Task instructions
Your job is to reproduce all of the data exactly.

Collected data
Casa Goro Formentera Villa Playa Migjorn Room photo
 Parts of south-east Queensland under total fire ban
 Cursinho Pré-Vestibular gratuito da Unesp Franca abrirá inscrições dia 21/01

Answer section
Casa Goro Formentera Villa Playa Migjorn Room photo
 Parts of south-east Queensland under total fire ban
 Cursinho Pré-Vestibular gratuito da Unesp Franca abrirá inscrições dia 21/01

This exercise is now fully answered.